Upsert-only sink (no deletes): wire only the Mirror Upsert component. Deleted rows in the source will accumulate in the destination indefinitely.
Audit log only: wire only the Audit component if you only care about “what disappeared”.
Append-only event log: wire both outputs to append-only tables (no Merge, no Delete). This gives you a full change history.

Snapshot Storage

Snapshot CDC supports two storage methods for maintaining the snapshot between runs. The storage method is selected in the Snapshot Storage toggle in the component configuration.

Database Storage (SQL Server only)

The snapshot is stored as a table directly in your source database. This option is only available for SQL Server connections and requires write access to the source database.

A snapshot table is automatically created in the same schema as the source table
Change detection queries (upsert and delete) are executed entirely within the database using SQL
Requires CREATE TABLE and INSERT/DELETE permissions on the source database

File Based Storage

The snapshot is stored as a Parquet file on cloud storage managed by Integrate.io. This option is useful when you do not have write access to the source database, or when you prefer not to create additional tables in your source system.

No write access to the source database is required; only read access is needed
The snapshot is stored as a Parquet file on Integrate.io’s managed S3 storage
Change detection is performed by loading the current data and the previous snapshot, then comparing them in the pipeline
On the first run, when no previous snapshot exists, all current records are treated as upserted (new)
The snapshot file is automatically overwritten after each successful pipeline run

When to use File Based storage:

You are using a non-SQL Server database (MySQL, PostgreSQL, Snowflake, etc.), File Based is the only snapshot storage option for these connection types
Your database user has read-only access to the source database
You do not want to create snapshot tables in the source database
Corporate policy prohibits writing additional tables to the production database

Availability by Connection Type

Connection Type	Database Storage	File Based Storage
SQL Server	Yes	Yes
MySQL	No	Yes
PostgreSQL	No	Yes
Snowflake	No	Yes
Other databases	No	Yes

Change Detection Methods

Snapshot CDC offers two methods for detecting changes. Both methods work with either snapshot storage option (Database or File Based). Note that Database storage is only available for SQL Server connections; for all other database types, File Based storage is used.

1. Primary Key Method

Primary Key change detection method configuration

The Primary Key method uses a unique identifier column to track changes. How it works:

The system compares rows between the current table and the snapshot using the specified primary key

A row is considered upserted if:

It exists in the current table but not in the snapshot (new record)
It exists in both tables but any column value has changed (updated record)

A row is considered deleted if:

It exists in the snapshot but not in the current table

Best for:

Tables with a reliable unique identifier (e.g., id, customer_id, order_number)
Standard database tables with primary key constraints

Configuration:

Select Primary Key as the Change Detection Method

Choose the primary key column from the dropdown (e.g., id)

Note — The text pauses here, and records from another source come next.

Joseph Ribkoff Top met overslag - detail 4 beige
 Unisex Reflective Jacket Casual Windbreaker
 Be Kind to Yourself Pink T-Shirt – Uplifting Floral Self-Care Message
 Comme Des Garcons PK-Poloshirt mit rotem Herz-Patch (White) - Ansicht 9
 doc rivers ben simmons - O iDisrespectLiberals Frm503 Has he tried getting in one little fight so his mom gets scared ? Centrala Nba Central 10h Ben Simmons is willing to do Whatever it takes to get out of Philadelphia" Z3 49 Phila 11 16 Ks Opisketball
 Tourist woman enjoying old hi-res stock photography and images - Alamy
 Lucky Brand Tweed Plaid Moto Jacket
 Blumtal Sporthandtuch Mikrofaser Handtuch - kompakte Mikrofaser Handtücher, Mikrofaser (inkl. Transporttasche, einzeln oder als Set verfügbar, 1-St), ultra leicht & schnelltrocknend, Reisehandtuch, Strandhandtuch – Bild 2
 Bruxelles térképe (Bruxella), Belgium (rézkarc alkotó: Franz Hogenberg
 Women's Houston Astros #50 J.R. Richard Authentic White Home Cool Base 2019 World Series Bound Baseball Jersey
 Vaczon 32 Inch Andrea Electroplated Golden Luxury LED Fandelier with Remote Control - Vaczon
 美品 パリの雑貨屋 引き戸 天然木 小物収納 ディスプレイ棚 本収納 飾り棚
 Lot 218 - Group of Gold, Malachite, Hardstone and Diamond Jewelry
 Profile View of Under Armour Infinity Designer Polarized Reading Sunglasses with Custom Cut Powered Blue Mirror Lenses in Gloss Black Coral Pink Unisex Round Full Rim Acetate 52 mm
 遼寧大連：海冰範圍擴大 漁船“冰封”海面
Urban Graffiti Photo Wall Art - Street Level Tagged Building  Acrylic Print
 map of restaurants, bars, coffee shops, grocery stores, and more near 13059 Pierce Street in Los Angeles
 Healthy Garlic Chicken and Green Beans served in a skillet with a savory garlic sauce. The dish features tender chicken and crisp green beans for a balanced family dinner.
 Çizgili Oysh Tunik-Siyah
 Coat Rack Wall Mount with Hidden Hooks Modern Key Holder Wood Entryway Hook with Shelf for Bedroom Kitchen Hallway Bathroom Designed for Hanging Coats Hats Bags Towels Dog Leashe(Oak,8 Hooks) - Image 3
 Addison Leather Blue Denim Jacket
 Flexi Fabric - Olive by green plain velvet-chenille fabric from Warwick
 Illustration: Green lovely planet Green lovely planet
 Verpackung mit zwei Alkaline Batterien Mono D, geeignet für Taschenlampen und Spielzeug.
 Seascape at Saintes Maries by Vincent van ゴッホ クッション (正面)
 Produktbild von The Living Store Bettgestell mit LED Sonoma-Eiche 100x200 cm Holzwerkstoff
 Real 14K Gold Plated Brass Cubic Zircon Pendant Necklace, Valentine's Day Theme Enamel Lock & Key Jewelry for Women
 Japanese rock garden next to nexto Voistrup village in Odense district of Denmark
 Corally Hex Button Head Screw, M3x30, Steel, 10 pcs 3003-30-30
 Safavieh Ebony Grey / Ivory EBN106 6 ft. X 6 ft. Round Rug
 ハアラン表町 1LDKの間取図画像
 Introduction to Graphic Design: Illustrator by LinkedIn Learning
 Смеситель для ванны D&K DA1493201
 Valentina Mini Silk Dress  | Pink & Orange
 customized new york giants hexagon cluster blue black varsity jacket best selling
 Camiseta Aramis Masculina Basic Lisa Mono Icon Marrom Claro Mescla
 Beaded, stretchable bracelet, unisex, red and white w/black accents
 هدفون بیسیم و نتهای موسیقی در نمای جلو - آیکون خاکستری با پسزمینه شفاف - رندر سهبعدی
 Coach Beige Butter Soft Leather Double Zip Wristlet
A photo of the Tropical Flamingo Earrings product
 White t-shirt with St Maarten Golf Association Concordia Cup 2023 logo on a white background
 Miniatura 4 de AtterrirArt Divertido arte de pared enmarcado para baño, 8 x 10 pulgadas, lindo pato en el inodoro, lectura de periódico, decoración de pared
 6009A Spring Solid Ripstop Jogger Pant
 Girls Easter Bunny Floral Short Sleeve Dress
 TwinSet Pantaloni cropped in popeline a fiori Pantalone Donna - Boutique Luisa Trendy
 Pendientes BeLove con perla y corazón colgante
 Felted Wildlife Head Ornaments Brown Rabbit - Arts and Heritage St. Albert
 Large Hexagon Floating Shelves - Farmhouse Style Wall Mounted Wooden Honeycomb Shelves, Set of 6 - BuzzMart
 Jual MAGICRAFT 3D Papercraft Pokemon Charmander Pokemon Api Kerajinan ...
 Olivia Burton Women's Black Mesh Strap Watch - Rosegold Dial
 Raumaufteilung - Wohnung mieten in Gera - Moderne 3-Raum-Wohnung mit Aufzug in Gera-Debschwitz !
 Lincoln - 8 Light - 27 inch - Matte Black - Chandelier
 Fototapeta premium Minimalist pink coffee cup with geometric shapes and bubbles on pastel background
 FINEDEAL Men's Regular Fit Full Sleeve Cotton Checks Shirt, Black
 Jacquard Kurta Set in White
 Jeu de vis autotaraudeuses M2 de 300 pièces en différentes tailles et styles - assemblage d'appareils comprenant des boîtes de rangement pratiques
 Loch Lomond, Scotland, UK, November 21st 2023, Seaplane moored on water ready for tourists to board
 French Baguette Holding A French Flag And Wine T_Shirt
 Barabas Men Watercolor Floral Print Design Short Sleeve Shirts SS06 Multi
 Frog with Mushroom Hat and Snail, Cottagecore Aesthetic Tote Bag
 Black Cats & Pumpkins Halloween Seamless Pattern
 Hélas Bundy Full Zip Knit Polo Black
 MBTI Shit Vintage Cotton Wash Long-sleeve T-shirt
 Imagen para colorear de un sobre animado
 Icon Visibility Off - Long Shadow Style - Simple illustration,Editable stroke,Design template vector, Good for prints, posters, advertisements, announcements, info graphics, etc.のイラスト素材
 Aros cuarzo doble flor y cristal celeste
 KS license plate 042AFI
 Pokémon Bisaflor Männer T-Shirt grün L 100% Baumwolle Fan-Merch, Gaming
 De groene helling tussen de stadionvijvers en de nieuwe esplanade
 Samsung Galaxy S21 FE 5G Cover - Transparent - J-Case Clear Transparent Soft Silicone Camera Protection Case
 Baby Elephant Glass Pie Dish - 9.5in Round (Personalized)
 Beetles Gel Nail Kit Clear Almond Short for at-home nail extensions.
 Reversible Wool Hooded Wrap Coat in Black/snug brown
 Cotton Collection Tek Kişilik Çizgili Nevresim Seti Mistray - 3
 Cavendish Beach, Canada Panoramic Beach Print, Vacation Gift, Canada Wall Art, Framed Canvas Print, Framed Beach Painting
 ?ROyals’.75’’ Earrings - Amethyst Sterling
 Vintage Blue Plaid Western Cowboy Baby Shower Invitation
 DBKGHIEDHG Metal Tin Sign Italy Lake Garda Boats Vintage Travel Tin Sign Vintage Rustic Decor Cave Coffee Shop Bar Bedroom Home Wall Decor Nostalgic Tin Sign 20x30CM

With File Based storage: When using File Based snapshot storage with Primary Key method, the system generates an MD5 hash of all non-primary-key columns to efficiently detect which rows have changed. Rows are matched by primary key, and the hash is used to determine whether a row has been updated.

2. Composite Hash Method

Composite Hash change detection method configuration

The Composite Hash method creates a hash value from all (or selected) columns to detect changes. This is useful when your table doesn’t have a unique identifier. How it works:

The system generates a hash value (like a fingerprint) for each row based on column values

The hash is stored in the snapshot alongside the row data

On subsequent runs, hashes are compared to detect changes:

A row is upserted if its hash doesn’t exist in the snapshot
A row is deleted if its hash exists in the snapshot but not in the current data

Best for:

Tables without a primary key
Tables where you want to detect changes based on specific columns only
Scenarios where the primary key might change between runs

Without a Primary Key, every UPDATE in your source appears in BOTH the upserted and deleted outputs.Composite Hash mode without a Primary Key has no way to recognise that an old hash and a new hash belong to the same row. From CDC’s point of view, an UPDATE is a DELETE (old hash) followed by an INSERT (new hash).If you intend to route the Deleted records output to a destination that performs DELETE operations (for example, a Mirror Delete component), you must specify a Primary Key (see step 4 below). Otherwise the Deleted records output will contain a copy of every updated row in addition to the truly-deleted ones, and using it to delete from a mirror table will revert your updates.

Configuration options:

Select Composite as the Change Detection Method

Use custom columns for composite hash (optional):

If unchecked: All columns are used to generate the hash
If checked: You can select specific columns for hash generation. This is useful for ignoring noise updates to bookkeeping columns (e.g. last_updated_at, synced_at) while still detecting business-meaningful changes

Composite key column (Database storage / SQL Server only): Select a column that will help identify whether a changed hash represents an update or a deletion. If not set, rows with changed hashes will appear in both upserted and deleted outputs. This option is not available with File Based snapshot storage.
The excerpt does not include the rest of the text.